··· DATA SHOWN
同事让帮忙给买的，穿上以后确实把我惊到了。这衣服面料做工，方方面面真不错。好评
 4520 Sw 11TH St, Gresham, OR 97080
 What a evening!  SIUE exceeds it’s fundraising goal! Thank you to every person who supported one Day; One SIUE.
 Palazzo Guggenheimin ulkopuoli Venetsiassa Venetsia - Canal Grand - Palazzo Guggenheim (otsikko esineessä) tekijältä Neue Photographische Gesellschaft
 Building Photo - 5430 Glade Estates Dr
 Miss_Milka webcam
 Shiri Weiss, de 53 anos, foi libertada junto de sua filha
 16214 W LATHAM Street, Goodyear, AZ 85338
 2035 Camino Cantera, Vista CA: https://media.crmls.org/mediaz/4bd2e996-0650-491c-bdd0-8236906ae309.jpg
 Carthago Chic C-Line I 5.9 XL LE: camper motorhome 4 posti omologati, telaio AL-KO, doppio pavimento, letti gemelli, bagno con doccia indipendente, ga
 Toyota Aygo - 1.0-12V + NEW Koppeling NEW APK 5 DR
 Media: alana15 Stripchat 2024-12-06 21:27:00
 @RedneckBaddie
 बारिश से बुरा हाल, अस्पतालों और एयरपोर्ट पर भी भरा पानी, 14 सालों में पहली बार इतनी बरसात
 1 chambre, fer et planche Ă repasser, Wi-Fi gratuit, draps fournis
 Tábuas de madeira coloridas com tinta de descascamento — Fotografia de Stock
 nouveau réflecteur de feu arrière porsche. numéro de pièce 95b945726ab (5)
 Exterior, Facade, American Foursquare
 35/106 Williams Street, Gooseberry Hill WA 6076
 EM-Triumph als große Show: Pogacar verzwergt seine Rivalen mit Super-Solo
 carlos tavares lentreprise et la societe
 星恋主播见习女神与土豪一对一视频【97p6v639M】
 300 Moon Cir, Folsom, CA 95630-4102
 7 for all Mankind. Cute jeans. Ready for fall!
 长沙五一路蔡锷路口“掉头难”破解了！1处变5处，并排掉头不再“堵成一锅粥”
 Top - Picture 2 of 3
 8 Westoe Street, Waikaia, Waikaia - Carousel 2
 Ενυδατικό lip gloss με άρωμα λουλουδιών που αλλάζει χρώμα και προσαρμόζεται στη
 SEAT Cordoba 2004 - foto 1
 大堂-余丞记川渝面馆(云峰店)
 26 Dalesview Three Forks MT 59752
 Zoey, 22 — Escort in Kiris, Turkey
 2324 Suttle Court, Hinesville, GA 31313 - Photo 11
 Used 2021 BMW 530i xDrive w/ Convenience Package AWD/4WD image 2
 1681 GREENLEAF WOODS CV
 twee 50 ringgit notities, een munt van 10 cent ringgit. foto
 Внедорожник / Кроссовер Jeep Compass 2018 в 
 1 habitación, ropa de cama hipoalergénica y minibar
······
_WORK TO BE COMPLETED_
What is needed is every line from the beginning of the data up to and including the line with "Tábuas de madeira", given again word for word.

_REPLY_
同事让帮忙给买的，穿上以后确实把我惊到了。这衣服面料做工，方方面面真不错。好评
 4520 Sw 11TH St, Gresham, OR 97080
 What a evening!  SIUE exceeds it’s fundraising goal! Thank you to every person who supported one Day; One SIUE.
 Palazzo Guggenheimin ulkopuoli Venetsiassa Venetsia - Canal Grand - Palazzo Guggenheim (otsikko esineessä) tekijältä Neue Photographische Gesellschaft
 Building Photo - 5430 Glade Estates Dr
 Miss_Milka webcam
 Shiri Weiss, de 53 anos, foi libertada junto de sua filha
 16214 W LATHAM Street, Goodyear, AZ 85338
 2035 Camino Cantera, Vista CA: https://media.crmls.org/mediaz/4bd2e996-0650-491c-bdd0-8236906ae309.jpg
 Carthago Chic C-Line I 5.9 XL LE: camper motorhome 4 posti omologati, telaio AL-KO, doppio pavimento, letti gemelli, bagno con doccia indipendente, ga
 Toyota Aygo - 1.0-12V + NEW Koppeling NEW APK 5 DR
 Media: alana15 Stripchat 2024-12-06 21:27:00
 @RedneckBaddie
 बारिश से बुरा हाल, अस्पतालों और एयरपोर्ट पर भी भरा पानी, 14 सालों में पहली बार इतनी बरसात
 1 chambre, fer et planche Ă repasser, Wi-Fi gratuit, draps fournis
 Tábuas de madeira coloridas com tinta de descascamento — Fotografia de Stock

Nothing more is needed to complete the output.